● THE DATA
=-=-=

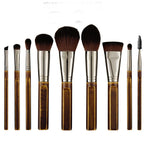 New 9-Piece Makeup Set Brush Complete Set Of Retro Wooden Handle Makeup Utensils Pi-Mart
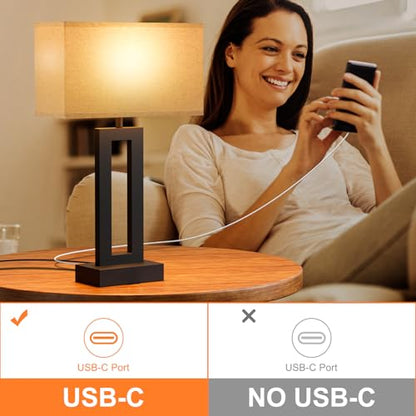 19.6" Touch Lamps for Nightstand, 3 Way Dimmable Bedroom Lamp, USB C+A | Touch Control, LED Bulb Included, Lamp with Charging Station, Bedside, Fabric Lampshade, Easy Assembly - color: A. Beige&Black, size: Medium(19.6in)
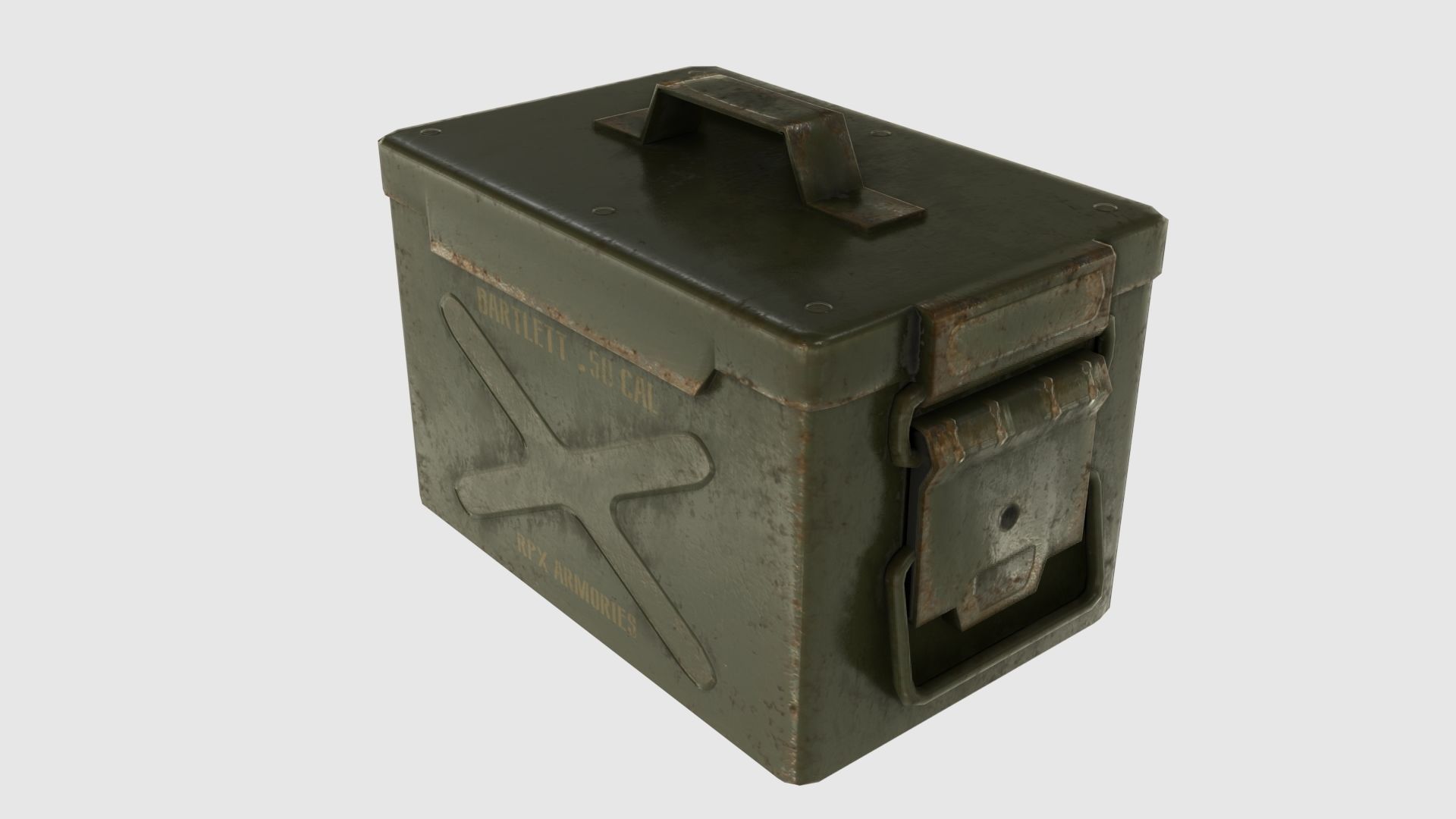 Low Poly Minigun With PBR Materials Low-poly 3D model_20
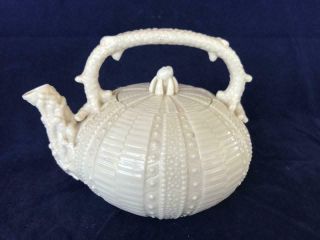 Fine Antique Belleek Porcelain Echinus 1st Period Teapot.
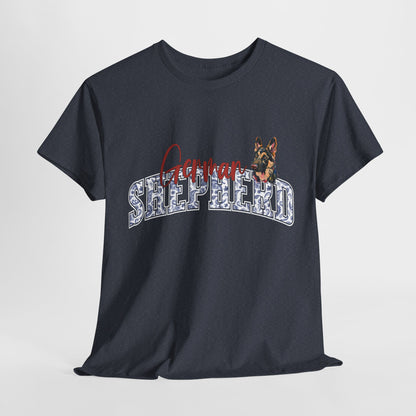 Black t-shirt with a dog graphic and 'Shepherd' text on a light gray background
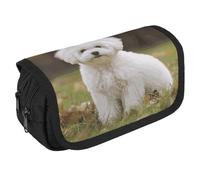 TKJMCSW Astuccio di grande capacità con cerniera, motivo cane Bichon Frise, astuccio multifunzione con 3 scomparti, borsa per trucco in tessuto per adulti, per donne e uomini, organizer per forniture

=-=-=

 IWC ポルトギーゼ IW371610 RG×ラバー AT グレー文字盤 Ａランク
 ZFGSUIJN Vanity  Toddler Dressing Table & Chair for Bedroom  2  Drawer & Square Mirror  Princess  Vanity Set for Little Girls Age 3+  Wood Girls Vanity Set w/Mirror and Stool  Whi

=-=-=

● TASK
Within the listing above, the stretch from the line with "Low Poly Minigun" down to the line with "Black t-shirt with" is to be given again exactly, end lines included and pictures excluded.

● RESPONSE AREA
 Low Poly Minigun With PBR Materials Low-poly 3D model_20
 Fine Antique Belleek Porcelain Echinus 1st Period Teapot.
 Black t-shirt with a dog graphic and 'Shepherd' text on a light gray background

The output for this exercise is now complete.